The ruling handed down in July 2020 effectively means that the benefit of $2.6 billion in tax savings will flow to its shareholders, rather than to ratepayers.
In 2015, Hydro One underwent an initial public offering, at which time the government of Ontario sold its majority stake in the company. This caused Hydro One to lose certain tax privileges and resulted in a $2.25 billion “departure tax” bill, which the company funded with a pre-IPO stock sale.
The change also allowed Hydro One to increase the value of certain assets by $9.7 billion. This in turn allowed for higher tax deductions, which resulted in savings that the utility planned to pass on to its shareholders. The OEB disagreed and determined that 38% of the savings should go to ratepayers (in the form of lower electricity rates), but failed to explain what methodology it was relying on in making this determination.

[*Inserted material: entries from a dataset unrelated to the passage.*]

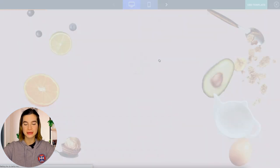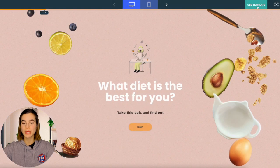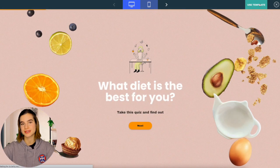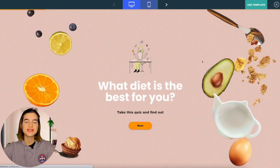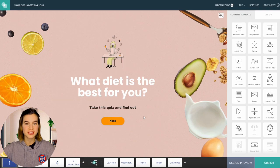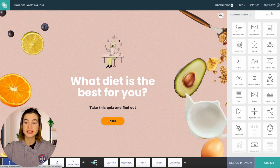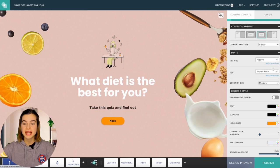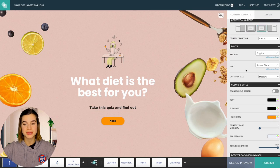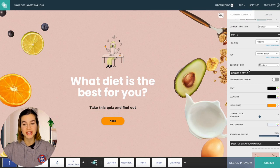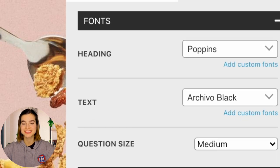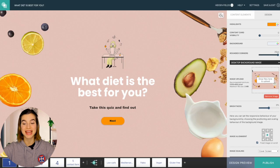I'm going to be using this template, which is 'What diet is the best for you.' If you like the design, you're all set to go. But if you'd like to change the fonts, colors or background, simply click on Design and then on Project Design. And in here, you can see that you can change the fonts, colors and background.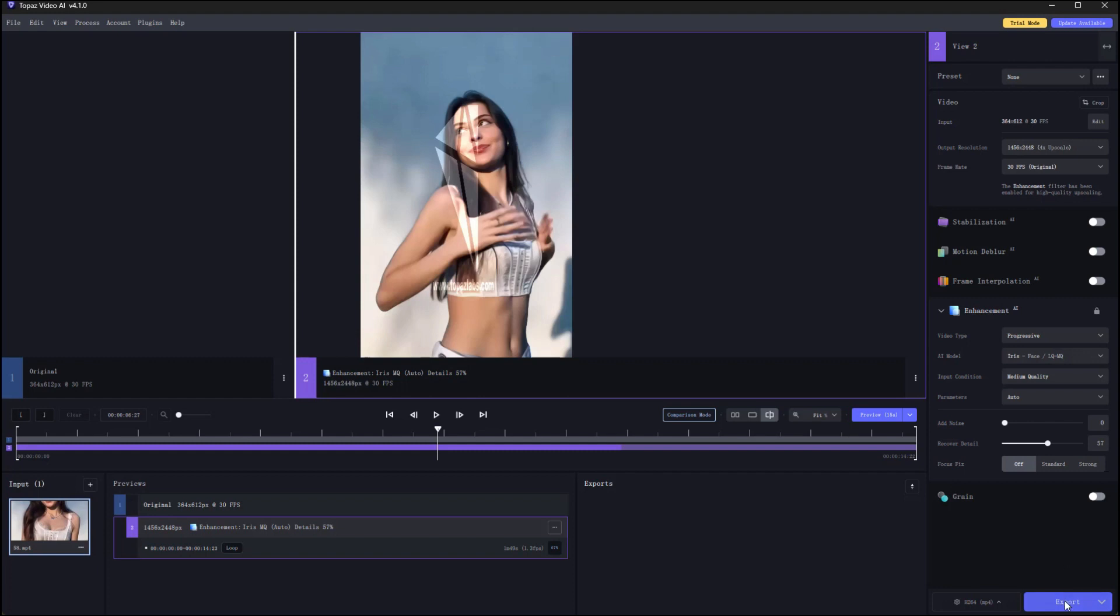If you are satisfied, click export, it will start processing and save it to the corresponding folder when completed.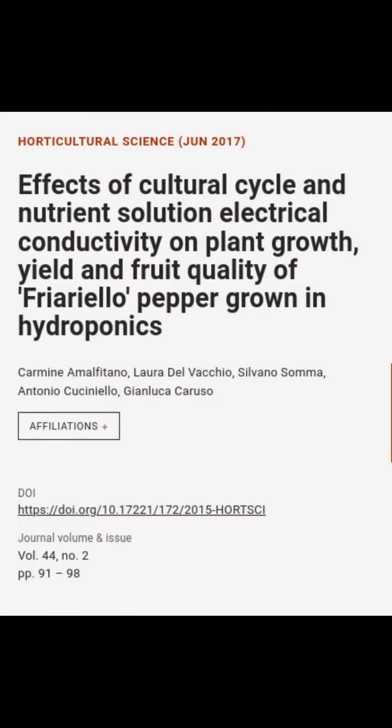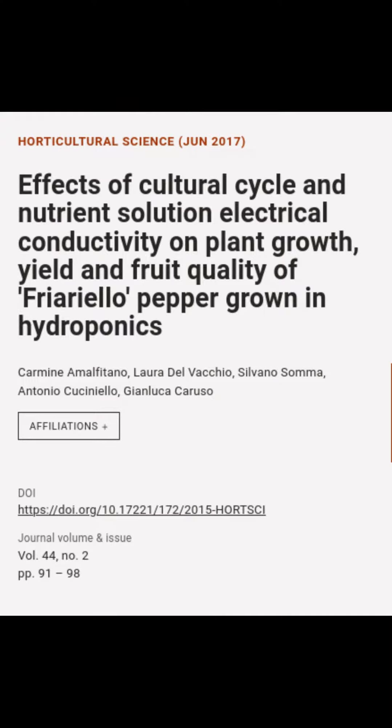This article is titled "Effects of Cultural Cycle and Nutrient Solution Electrical Conductivity on Plant Growth, Yield and Fruit Quality of Friariello Pepper Grown in Hydroponics" and was authored by Carmine Amalfitano, Laura Del Vacchio, Silvano Sama, and others.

Hydro One appealed to the Ontario Divisional Court, arguing that since the OEB found that the departure tax was a real cost to Hydro One, the only reasonable decision possible was that the utility’s shareholders were entitled to all of the tax savings.
The Court allowed the appeal and agreed with Hydro One, stating that the OEB applied the wrong legal test and that its decision “lacks an internally coherent and rational chain of analysis.” The court applied a “correctness” standard, which means little or no deference given to the OEB in this particular instance. The Court confirmed that the new approach arising from the Supreme Court of Canada’s Vavilov decision applies to statutory appeals from the OEB, effectively making it easier to challenge the OEB where a right of appeal exists. However, the Court in this case noted it would still have found against the OEB even if the more deferential “reasonableness” standard had applied.
The matter was ordered to be brought back before the OEB to make “an appropriate order varying the tax savings allocation.”
Although regulatory bodies like the OEB are often entitled to significant deference (making their decisions difficult to overturn), this case serves as an example of where a poorly reasoned regulatory decision combined with a statutory right of appeal worked strongly in favour of the utility.
McCarthy Tétrault represented Hydro One before the OEB and the Divisional Court.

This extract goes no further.